The legal protection of trade marks in the Czech Republic is governed by two pieces of legislation – Act No. 441/2003 Coll., on Trade Marks ("Trade Marks Act") and Act No. 221/2006 Coll., on the Enforcement of Industrial Property Rights ("IP Enforcement Act"). Both of these acts implement the relevant European Community law.
Czech trade mark law protects primarily those trade marks that are registered (i) by the Czech Industrial Property Office ("Czech IP Office") as national trade marks; (ii) by the Office of Harmonisation for the Internal Market (OHIM) as Community Trademarks; and (iii) by the World Intellectual Property Organization (WIPO) as international trade marks with designation for the Czech Republic. Although unregistered trade marks can also receive protection under Czech law if they can be considered "well-known marks" pursuant to Article 6bis of the Paris Convention, such protection is considerably weaker and less certain than that afforded to registered trade marks.
The national trade mark registration proceedings in the Czech Republic are administered by the Czech IP Office which, following the receipt of an application, examines whether the application meets formal requirements and then carries out a substantive examination to assess whether the application also meets the criteria for registration. In particular, the Czech IP Office considers whether there are any absolute or relative grounds for refusal of the application. If the Czech IP Office believes that all requirements are met, it will publish the application in its Bulletin and the trade mark application is open to oppositions by third parties for a period of three months from the publication. Following the lapse of this period and in the absence of any pending opposition proceedings, the trade mark becomes registered in the Czech Trade Marks Register and the trade mark owner may fully benefit from the rights arising under the Czech trade mark law.

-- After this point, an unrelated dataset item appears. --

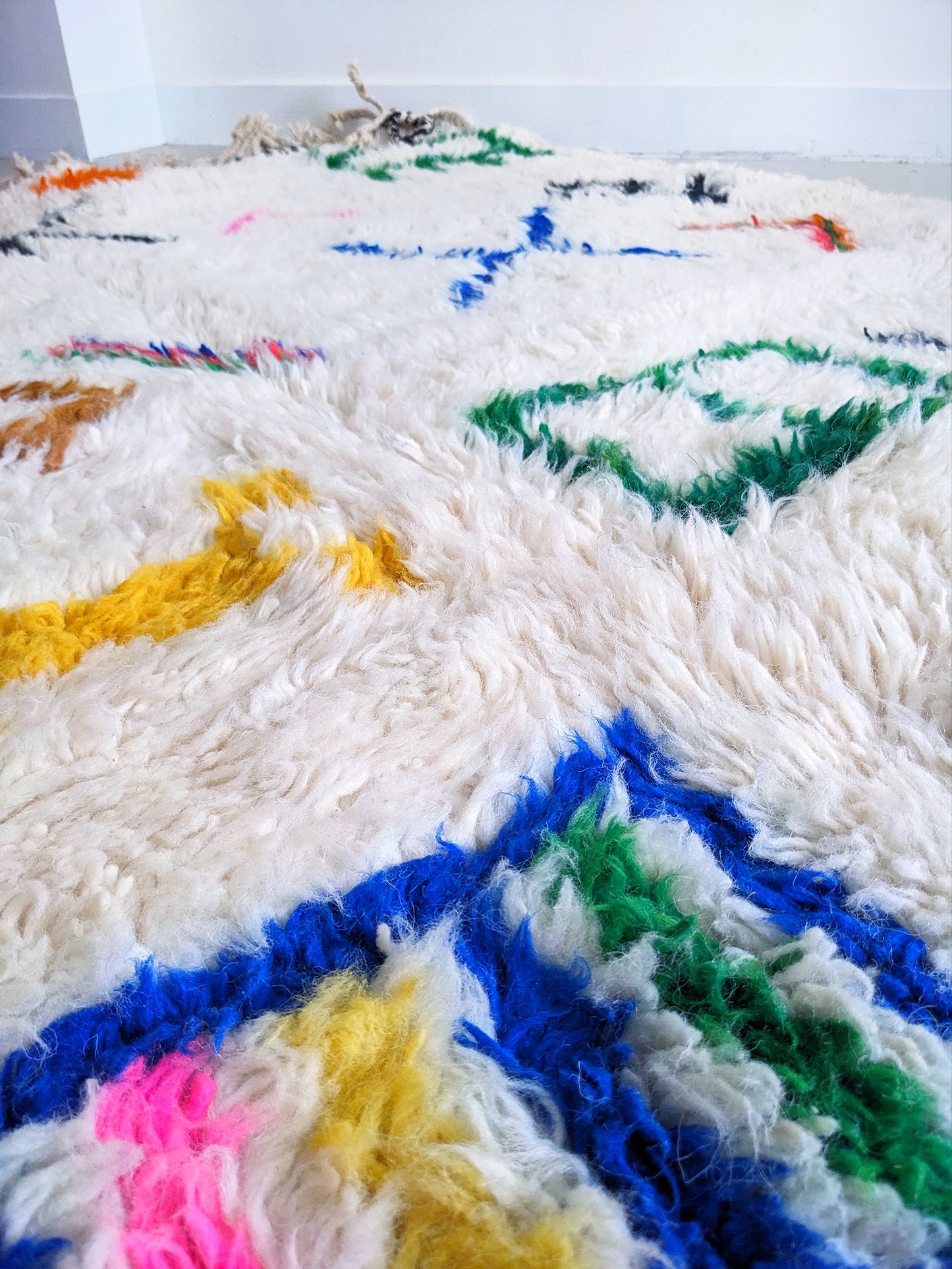 Multi Coloured Azilal Rug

Czech national trade marks are registered for a period of ten years from the date of filing and may be renewed upon the request of the trade mark owner for additional periods of ten years without limitation. The basic registration fee including registration for up to three classes of products and services is CZK 5,000 (approx. USD 265). Any additional class of products and services requires additional fee of CZK 500 (approx. USD 27).
As regards the length of proceedings, the Czech IP Office has been successful in shortening and optimising the registration proceedings in recent years. The registration proceedings (from filing until the publication of the trade mark application) now take four months on average. The average length of the whole trade mark registration proceedings is less than nine months, including any opposition proceedings.
Currently, there are around 790,000 trade marks valid in the territory of the Czech Republic of which Community Trade Marks represent around 70%. In 2009, the Czech IP Office received 7,892 national trade mark applications, the vast majority (almost 92%) of which were received from local entities.
The adoption of the IP Enforcement Act in 2006 was very important for the protection and enforcement of intellectual property rights in general. It not only unified and listed all claims that an owner of any registered intellectual property rights (including trade marks) may have against infringers, but it also introduced an element of specialised IP decision making in the Czech Republic by appointing, with effect from 1 January 2008, the Municipal Court in Prague to be the only first instance court in the country to hear all claims arising from registered intellectual property rights and competent to review any administrative decisions issued by the Czech IP Office. In addition, this court is the designated Community Trade Mark court as well as the designated Community Design court in the Czech Republic.
In trade mark infringement disputes in the Czech Republic, it is very common that a trade mark claim is joined by a claim arising from infringement of a business name or unfair competition behaviour. To date high profile trade mark cases are rather scarce and so Czech case law does not provide much guidance on particular substantive trade mark law issues. Czech courts usually consider what approach must be taken in analysing distinctiveness of a trade mark or likelihood of confusion. There have also been a number of decisions concerning the notion of an average consumer. Nevertheless, it is possible to say that Czech courts are fairly predictable when it comes to trade mark disputes which is partly due to the general obligation of Czech courts to conform the interpretation of Czech law to the European Community law and hence follow the case law of the European Court of Justice.
 Trade Mark Directive No. 89/104/EEC, Community Trade Mark Regulation (EC) No. 40/94 and Enforcement Directive No. 2004/48/EC.